And yet: you know what? Some of my most intensely memorable reading experiences have come from confronting those squicks—either stumbling over them in a context where I hadn’t been expecting them, or deliberately going in to see what I can see. Emily’s Sick Family, for instance: an ongoing project I commend to the interest of anyone who’s curious about what new forms and shapes this stuff can take (Vinnie’s called it a new kind of epistolary novel, and he’s got an excellent point), and what kind of games one can play with what’s real and what isn’t when you’re serious about it, and which is full of enough cheerful depravity to test the limits of all but the most committed smuthounds: you will find something that squicks you there, I practically guarantee it, and—though technically, her writing is flawed (some grammar and spelling and structural concerns; she’s a maths teacher, as she keeps saying, or so she wants us to believe)—her conviction, her voice and her authenticity ring through: if you read what she has to say no matter what, you will come out the other side with something more than what you had when you came in. —And that, end of the day, is pretty much all I demand of art.

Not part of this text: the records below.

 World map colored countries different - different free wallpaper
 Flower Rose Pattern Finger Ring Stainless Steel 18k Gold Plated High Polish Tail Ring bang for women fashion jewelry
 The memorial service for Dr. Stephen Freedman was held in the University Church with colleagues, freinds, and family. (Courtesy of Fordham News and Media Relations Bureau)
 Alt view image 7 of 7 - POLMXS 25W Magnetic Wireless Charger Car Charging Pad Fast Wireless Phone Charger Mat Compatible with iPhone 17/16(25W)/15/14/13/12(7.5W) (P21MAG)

But you don’t have to. You can stay away. I’m not saying you should test your squicks directly, not by any means; certainly not. (And anyway, Emily sort of codes her stuff and helpfully compartmentalizes it, though more so you can find what you’re looking for than to avoid what you don’t want to see, but still: antithetical to my purposes in this rant; her blog, willy-nill and all for one with no warning as it is, is better for this. —Their blog, sorry.)

But writers, at least, I think, should try to push their boundaries. “Write what you know,” after all, means go forth and learn, you dumb schmuck. Certainly, I’ve started brushing the realms of humiliation and blackmail in, say, the Cuyahoga stuff, and I’ve got some twinklings that others of my squicks might well be appearing therein. (I think I understand what it is about scat and watersports, on an intellectual level. I get the symbolism, and can even feel a ghost of a tug at my viscera. I can imagine—gorge tickling the back of my throat—what it would feel like. [Taste? We are so not going there.] None of this keeps it from being squicky, though—but the challenge of trying to pull it off nonetheless, in spite of that, tempts. Torture and snuff, on the other hand—but I digress.) Codes tend to reinforce boundaries, calcify genres, compartmentalize sex—good, perhaps, for (some) readers, but bad, I think, in the end, for writers. But we’ll get to that.

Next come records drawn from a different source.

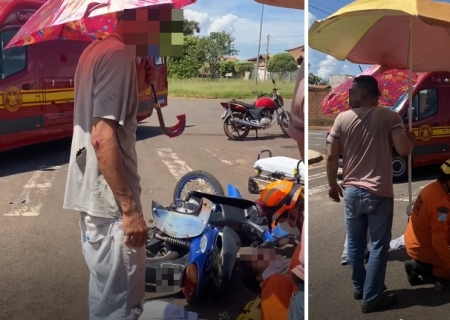 Acidente entre moto e motoneta deixa motociclista ferida no Celina Gonçalves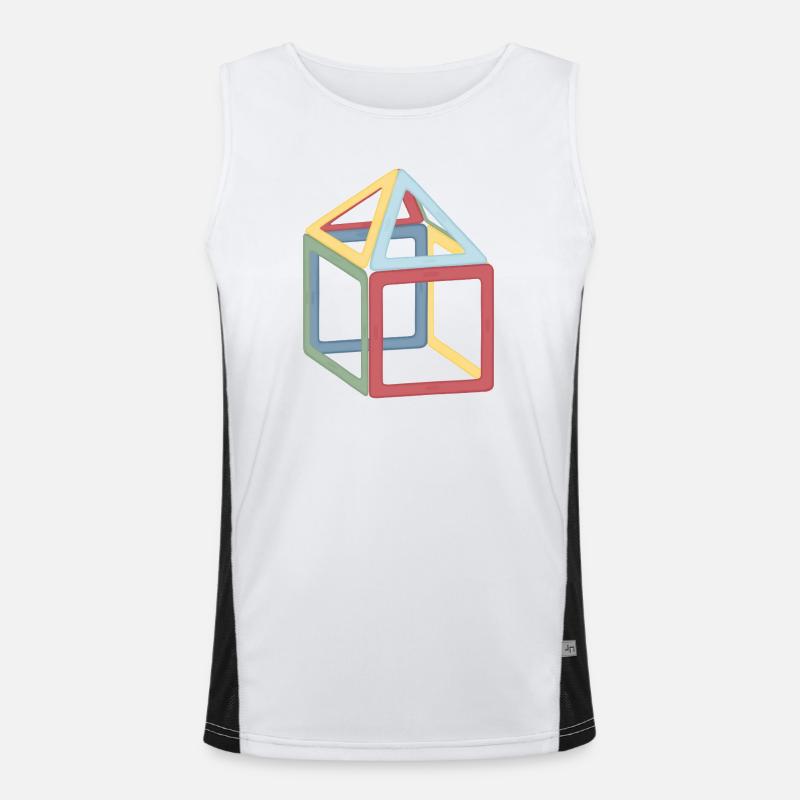 Colorful Cube Block Composition Men's Functional Contrast Tank Top 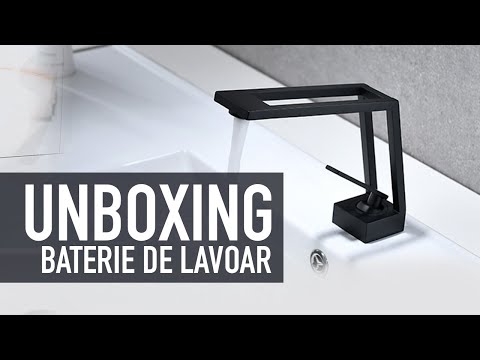 Baterie lavoar cu un singur orificiu, din alama solida, negru mat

First, let’s talk about the word “squick.”

There’s a huge connotative, even denotative difference between these two sentences:

That disgusts me.
That squicks me.

And therein lies the value of the word “squick,” one of the most valuable and humane coinages in recent memory. Certainly, without this word, this concept, a sane approach to a multicultural, pluralistic society is impossible. (To say nothing of trying to drag sex open and above-board into the mix.) The word “squick” is what makes it possible for me to have rational, sane, even enthusiastic discussions about sex and eroticism with scat-loving subs who fixate on death imagery and impalement fantasies. —The basic difference, of course, is this:

“That disgusts me” is a moral judgment;
“That squicks me” is an æsthetic response.

oosh, perhaps, may become alarmed at my separation of morals and æsthetics, but bear with me: the more fundamental difference is this: “That disgusts me” casts the onus on the thing in question, and the blame on the person or circumstance that produced it. Even spoken in the mildest tones, it is condemnatory; it can’t help it. It’s in the very bones of the word: “disgust.” Feel it there, in your throat.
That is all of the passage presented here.